Using cold frames is an efficient solution if you find yourself without a greenhouse. Cold frames are small enclosures with a glass top that can easily be opened or closed and used to protect plants during cold weather. Cold frames can be fancy or rudimentary – depending on your budget. Either way, cold frames are indispensable in Northern California gardens, as they help extend the seasons in the winter and in the fall and are essential in protecting your seedlings as they harden off. The idea of a cold frame can be mimicked by using an old window and leaning it against some thermal mass ie: concrete wall and placing your plants inside. It is a simple and cost-effective solution to protect some of your plants against frost.
Keep in mind that although we received some refreshing rain, we are still in a drought. It’s a good time to begin gardening with unpredictable weather in mind, as climate change is proving to us that we really don’t know what to expect year after year.
Saving seeds is one of the easiest and most practical ways to innately adapt your seeds, to your soil, climate and region while also making them less susceptible to pest and disease. When you save your seeds in a drought year, those seeds that are saved, will be inherently more apt to growing with the need for less water. This is not only opportunity for more regionally adapted seeds, in a time when water is uncertain and food prices are on the rise.

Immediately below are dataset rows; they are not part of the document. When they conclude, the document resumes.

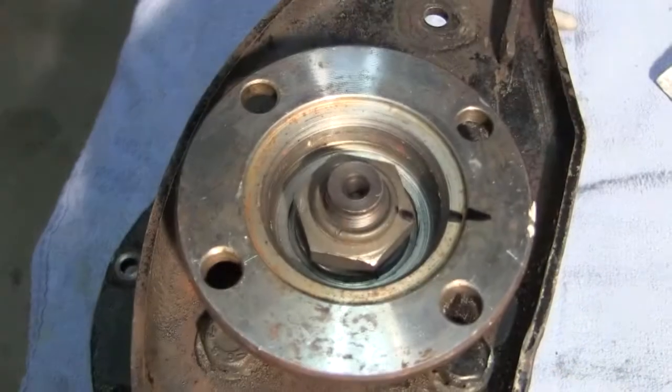That's where the nut started. I've got my tool made for the flange on the pinion, and now I'm going to see how many pounds it takes to get it released.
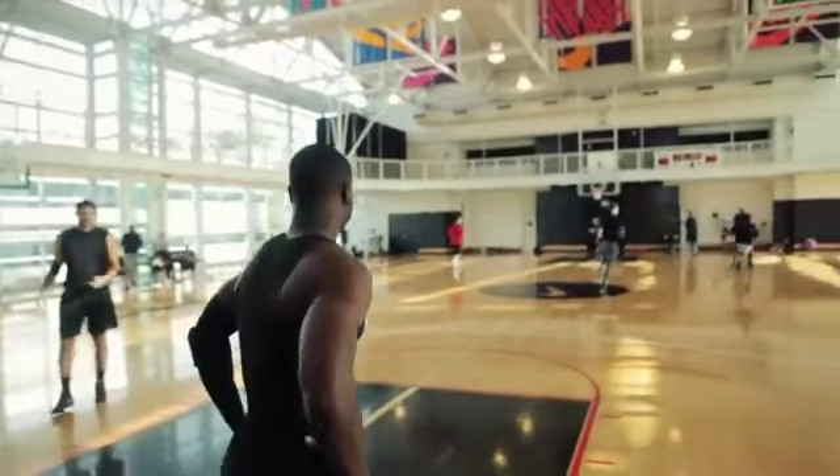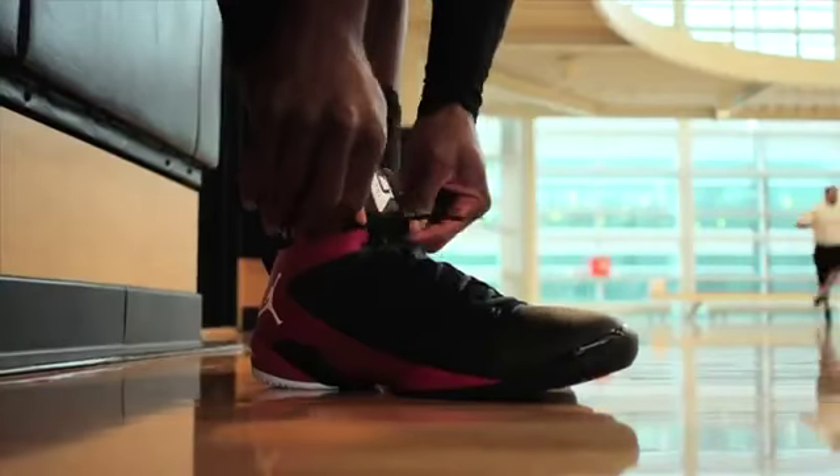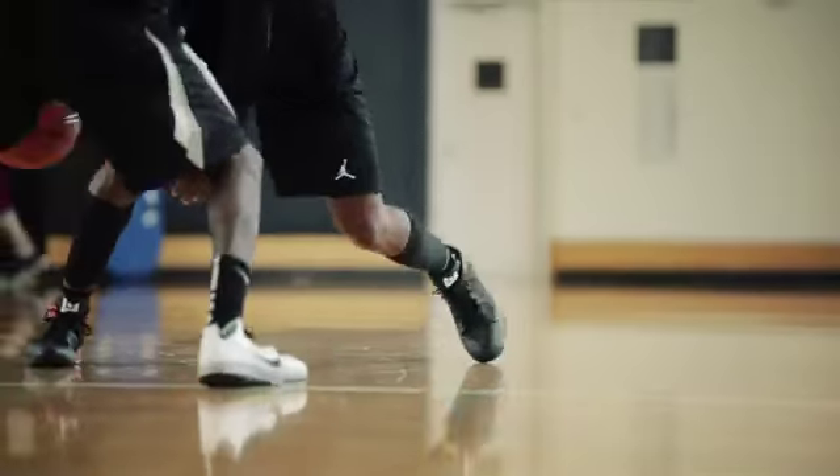Obviously I want my shoe to look good, but it has to feel good. I'm trying to make sure I have the right cushioning inside of my shoe. The players are heavily involved in the design process — we need their feedback because at the end of the day we're designing for them.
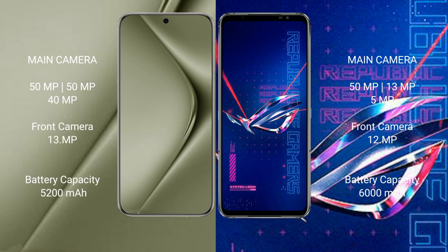Huawei Pura 70 Ultra features a rear triple camera setup: 50MP plus 50MP plus 40MP, and a front camera of 13MP. Asus ROG Phone 6 Pro also features a rear triple camera setup: 50MP plus 13MP plus 5MP, and a front camera of 12MP.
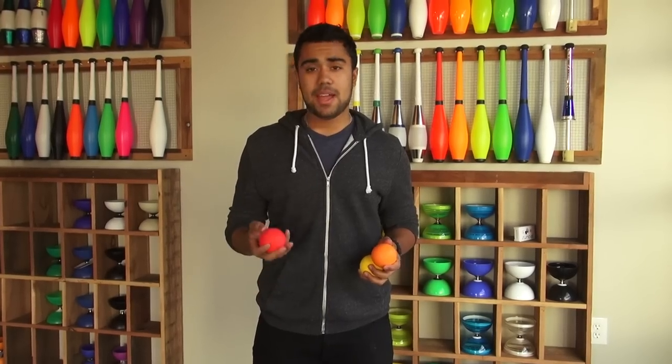As the name implies, these balls are perfect for bounce juggling. They boast an impressive 90% bounce rate return. That basically means when you drop the ball, it's going to bounce back 90% of the distance.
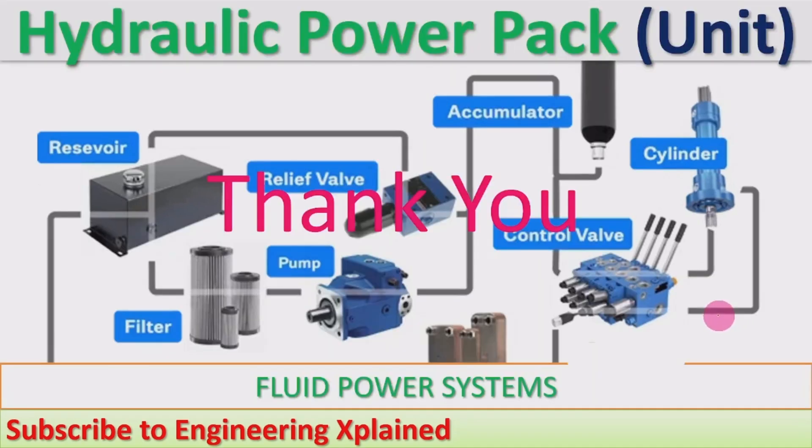This is about the hydraulic power pack. Thanks for watching. If you like, share, subscribe, and comment.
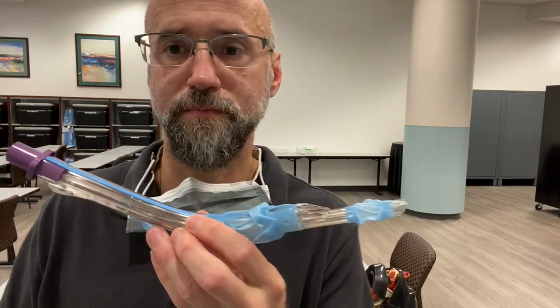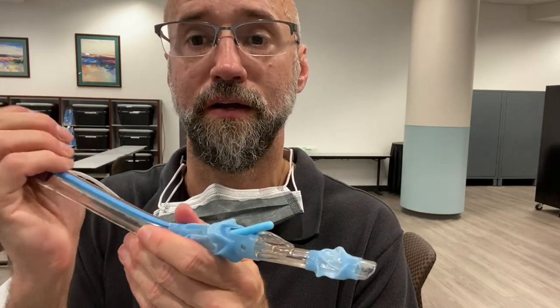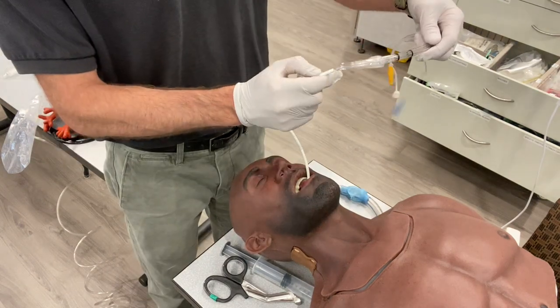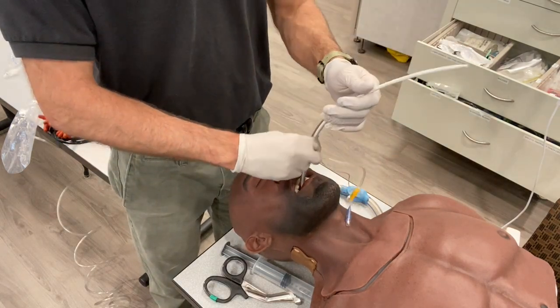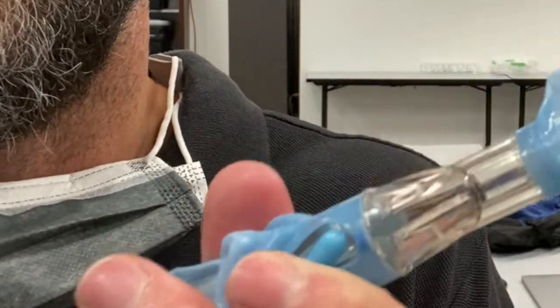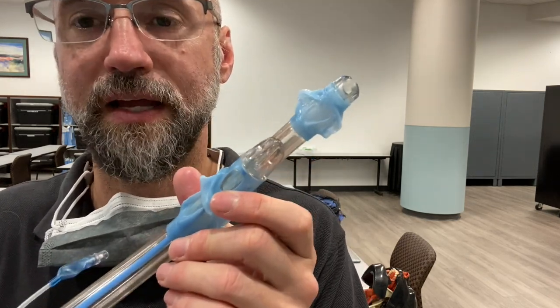To change it, it could just be removed and then an endotracheal tube passed the normal way. In theory, you should be able to take a bougie, pass it through the King Airway tube, and it should come out directly over the trachea and pass in, allowing a Seldinger technique where an endotracheal tube can be passed over the bougie into the cords. However, in reality this doesn't always work. The bougie can hang up on a small lip and not come out, the port may be directly over the esophagus if the King is too proximal or distal, and the bougie may strike the side of the esophagus, missing the trachea entirely.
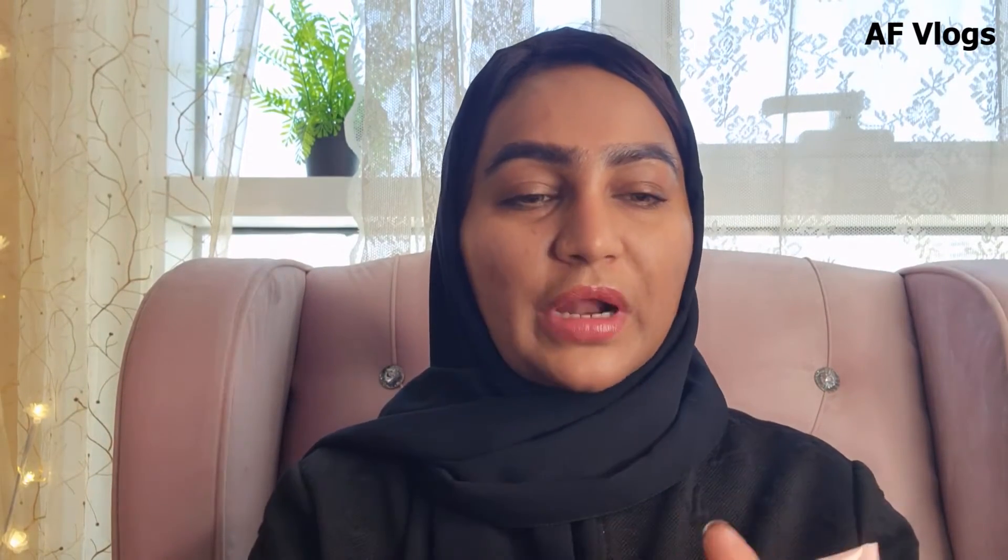This is my first impression on this product, so let's jump to the primer. I can see that this primer pretty well hydrates my skin and it gives that natural glow — like a dewy effect. It also gives that plump effect to the skin. On my T-zone area, I'm going to apply this pore-beneficial primer.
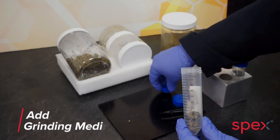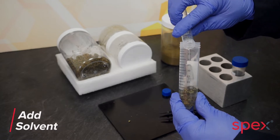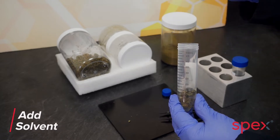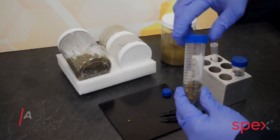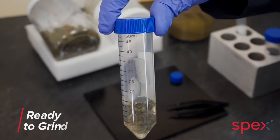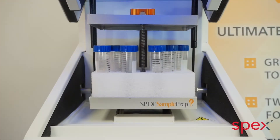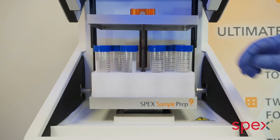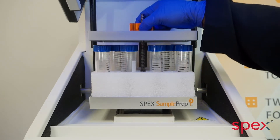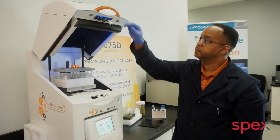After the samples have been prepared, they are loaded into the Geno Grinder. The Geno Grinder clamp can accommodate 16 sample tubes. The clamp lid is lowered and locked into place, then the lid is closed.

The USDA states that drought in key agricultural areas or other severe weather events could potentially drive up food prices beyond the current forecasts.
This is a fabulous time to start thinking of the delicious ripe tomatoes you will be enjoying this summer, you may want to consider dry-farming them for optimal taste! And don’t forget to start your tomato and pepper seeds indoors
Want a spring garden abundant with flowers? This is an ideal time to plant wildflowers, as they need to vernalize before they can germinate. Wildflowers provide forage for our pollinators and butterflies while offering us their beauty!